|
When the city of Cupertino wanted to swap land with the Odd Fellows back in 1958, the group, which had been headquartered at the Crossroads since 1899, wanted to stay in the same city in which it was founded. The city's solution? To carve out a patch of land on the city's northern border, which was incorporated into Cupertino just for the Odd Fellows.
"We're surrounded on nearly all sides by Sunnyvale," says Robert Heslop, district deputy grandmaster for the Independent Order of Odd Fellows, a group that traces its origins back to 18th century England. Middle class citizens there who dared to help their less fortunate brethren in the fields were uncommon, and therefore, odd. This tradition of community service continued through the founding of the Odd Fellowship in Baltimore in 1819. And in Cupertino, that tradition is apparently historical enough to dictate city limits.
In addition to helping out in the community and serving as a long-standing institution—its mailing address is the sixth post office box in the city—Cupertino Odd Fellow Lodge No. 70 is also helping prepare boys in the area for leadership roles and public speaking. At a Sept. 20 general interest meeting, the lodge will recruit new members for the recently reactivated King's Men Junior Odd Fellow Lodge, becoming the only lodge in its five-lodge district to host the program.

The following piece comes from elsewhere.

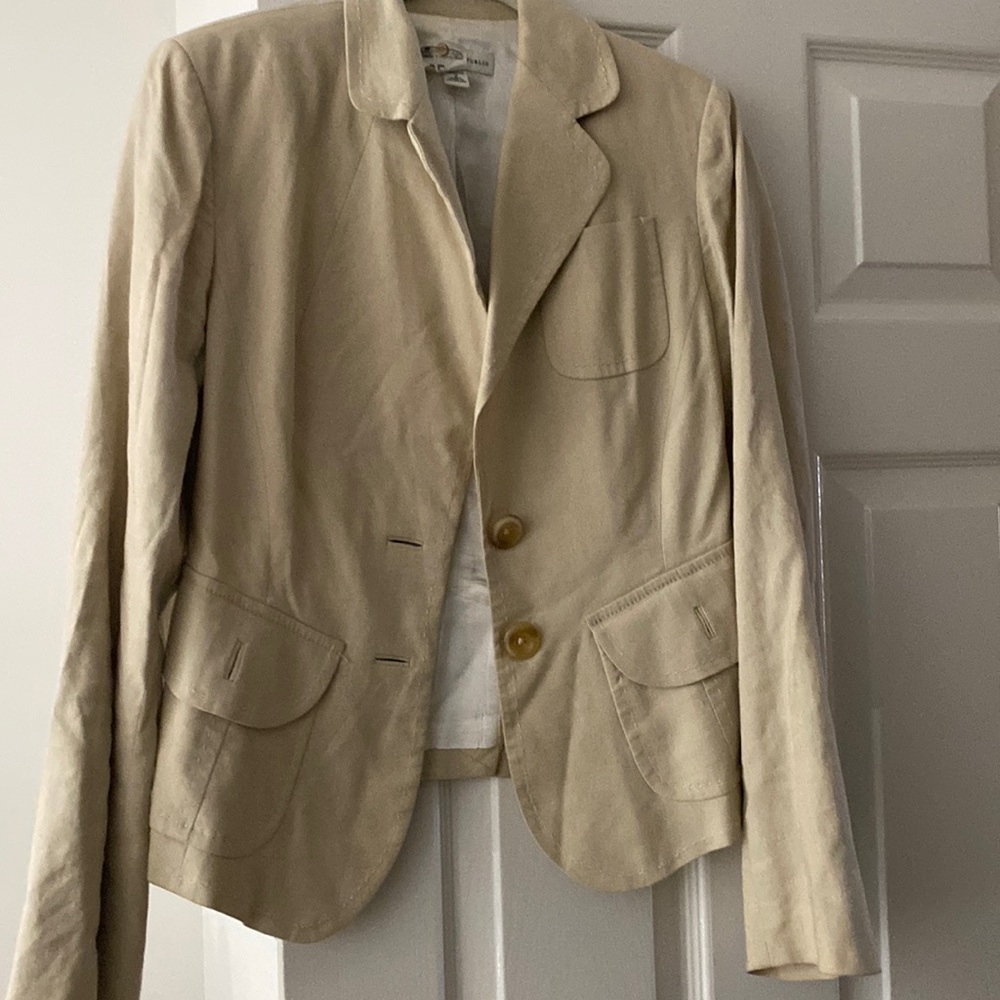 Ladies linen suit . Jacket is waist length and the matching pants are flat front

"It teaches the boys leadership. The Junior Lodge meetings are very formal, and the boys have to do these themselves," says Don Lang, a member of the Cupertino lodge who is a past grandmaster for the Grand Lodge of California. The program accepts boys between the ages of 8 and 18, and the group meets every two weeks. Activities range from recreation with fellow members to pitching in with the larger lodge's activities to traveling throughout the state to meet with other Junior Odd Fellows, which often involves youngsters from each lodge speaking in front of receptions of several hundred people.
"I've already noticed a change in my son," says Robert Heslop, district deputy grandmaster and an adviser along with Lang for the boys' group. "Adults are there, but kids are running the whole thing. He's finding it a lot easier to speak now."

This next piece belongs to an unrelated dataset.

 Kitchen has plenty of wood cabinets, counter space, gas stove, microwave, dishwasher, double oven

The Junior Odd Fellow program was on hiatus for a few years, after a large number of former participants graduated from high school with few younger members ready to take their places. Cupertino became the host lodge for the district, which includes groups in Campbell and Saratoga, because interested advisers, like Heslop, lived close by.
Theta Rho, the girls' version of the King's Men Junior Odd Fellow Lodge, meets at the Odd Fellows' Santa Clara location. Dues are about $7 a year, which Heslop compares to the thousands of dollars that other extracurricular activities can require.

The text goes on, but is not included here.